The NY Daily News is reporting on the Flushing Commons pot sweetener that we commented on yesterday: "A day before the City Council is set to vote on the controversial Flushing Commons project, the city has made a multimillion dollar concession to help area merchants. The city announced Wednesday that it will nearly triple its assistance plan - from $2.25 million to $6 million - to aid downtown Flushing businesses during construction of the 5-acre housing and retail complex. "This will go a long way to try and ease their pain," said Councilman Mark Weprin (D-Hollis), who made the announcement at a Zoning and Franchises Subcommittee hearing. "This meant a lot to us - to protect those small businesses during construction," he said."

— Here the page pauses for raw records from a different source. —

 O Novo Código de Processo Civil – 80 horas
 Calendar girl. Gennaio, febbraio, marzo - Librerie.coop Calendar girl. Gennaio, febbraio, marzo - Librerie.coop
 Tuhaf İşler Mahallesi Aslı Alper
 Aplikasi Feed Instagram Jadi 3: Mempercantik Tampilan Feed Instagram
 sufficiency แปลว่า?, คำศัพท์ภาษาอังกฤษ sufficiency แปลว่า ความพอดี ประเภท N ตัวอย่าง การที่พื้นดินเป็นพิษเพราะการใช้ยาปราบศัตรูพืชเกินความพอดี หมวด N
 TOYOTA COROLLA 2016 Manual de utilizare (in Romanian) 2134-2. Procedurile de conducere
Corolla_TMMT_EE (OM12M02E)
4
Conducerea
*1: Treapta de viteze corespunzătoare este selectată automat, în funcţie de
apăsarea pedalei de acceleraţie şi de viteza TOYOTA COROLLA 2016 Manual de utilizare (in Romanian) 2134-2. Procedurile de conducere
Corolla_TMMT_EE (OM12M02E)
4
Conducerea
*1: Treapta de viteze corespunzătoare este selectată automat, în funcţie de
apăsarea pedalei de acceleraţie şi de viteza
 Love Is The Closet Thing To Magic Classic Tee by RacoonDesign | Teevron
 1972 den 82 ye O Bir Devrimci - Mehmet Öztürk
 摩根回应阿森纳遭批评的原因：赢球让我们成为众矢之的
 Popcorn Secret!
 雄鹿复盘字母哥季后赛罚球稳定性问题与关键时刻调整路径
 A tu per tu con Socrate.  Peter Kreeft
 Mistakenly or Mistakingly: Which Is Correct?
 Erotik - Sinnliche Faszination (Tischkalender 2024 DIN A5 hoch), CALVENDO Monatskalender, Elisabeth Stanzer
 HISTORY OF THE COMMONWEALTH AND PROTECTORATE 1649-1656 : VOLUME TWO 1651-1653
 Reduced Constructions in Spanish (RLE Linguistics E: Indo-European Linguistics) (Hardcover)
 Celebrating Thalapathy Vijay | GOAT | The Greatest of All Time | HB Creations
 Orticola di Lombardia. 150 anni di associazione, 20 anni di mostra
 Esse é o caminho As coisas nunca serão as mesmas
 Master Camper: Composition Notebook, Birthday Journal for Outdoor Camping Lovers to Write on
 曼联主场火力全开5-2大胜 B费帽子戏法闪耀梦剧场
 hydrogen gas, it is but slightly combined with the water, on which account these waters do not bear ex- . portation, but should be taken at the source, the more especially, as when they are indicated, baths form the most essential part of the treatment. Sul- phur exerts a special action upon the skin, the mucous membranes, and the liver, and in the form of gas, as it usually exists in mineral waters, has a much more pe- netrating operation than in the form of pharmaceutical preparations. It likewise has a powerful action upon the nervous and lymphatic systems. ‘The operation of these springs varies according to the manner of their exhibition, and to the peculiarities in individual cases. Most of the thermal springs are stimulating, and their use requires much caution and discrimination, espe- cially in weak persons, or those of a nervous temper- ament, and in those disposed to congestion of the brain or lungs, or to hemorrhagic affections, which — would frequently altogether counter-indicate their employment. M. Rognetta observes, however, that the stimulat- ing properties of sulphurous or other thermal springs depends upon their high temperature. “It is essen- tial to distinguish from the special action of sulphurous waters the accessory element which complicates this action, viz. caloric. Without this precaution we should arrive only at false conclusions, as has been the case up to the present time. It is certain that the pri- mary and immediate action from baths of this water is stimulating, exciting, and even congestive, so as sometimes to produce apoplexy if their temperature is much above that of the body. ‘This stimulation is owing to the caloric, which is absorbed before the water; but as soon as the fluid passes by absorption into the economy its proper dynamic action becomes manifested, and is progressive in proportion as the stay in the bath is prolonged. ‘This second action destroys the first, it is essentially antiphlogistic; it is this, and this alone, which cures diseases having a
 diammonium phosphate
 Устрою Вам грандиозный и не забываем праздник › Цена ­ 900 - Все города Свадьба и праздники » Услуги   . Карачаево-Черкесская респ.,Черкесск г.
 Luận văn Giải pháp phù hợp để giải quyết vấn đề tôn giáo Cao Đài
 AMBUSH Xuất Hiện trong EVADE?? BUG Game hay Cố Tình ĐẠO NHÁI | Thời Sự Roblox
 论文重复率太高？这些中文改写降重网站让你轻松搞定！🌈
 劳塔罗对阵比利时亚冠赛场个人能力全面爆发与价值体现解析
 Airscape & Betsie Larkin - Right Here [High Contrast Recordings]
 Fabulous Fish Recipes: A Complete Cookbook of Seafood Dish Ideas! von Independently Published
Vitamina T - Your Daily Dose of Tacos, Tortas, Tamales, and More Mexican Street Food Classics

Unfortunately, despite Weprin's real earnest concern for the merchants, most shopkeepers were not buying that the remediation would do much good-with Union Street head Ikwan Rim telling us that this is a dagger in his heart that no amount of mitigation will help change. The most important concession, however, involves parking: "Maybe most significant is the $3 million that will go toward a program to alleviate parking issues while the development is built atop a 1,100-space municipal parking lot. Participating merchants will be able to provide customers with free or discounted parking during construction. The city will also cap parking rates in the complex's new 1,600-spot garage for five years after construction is completed."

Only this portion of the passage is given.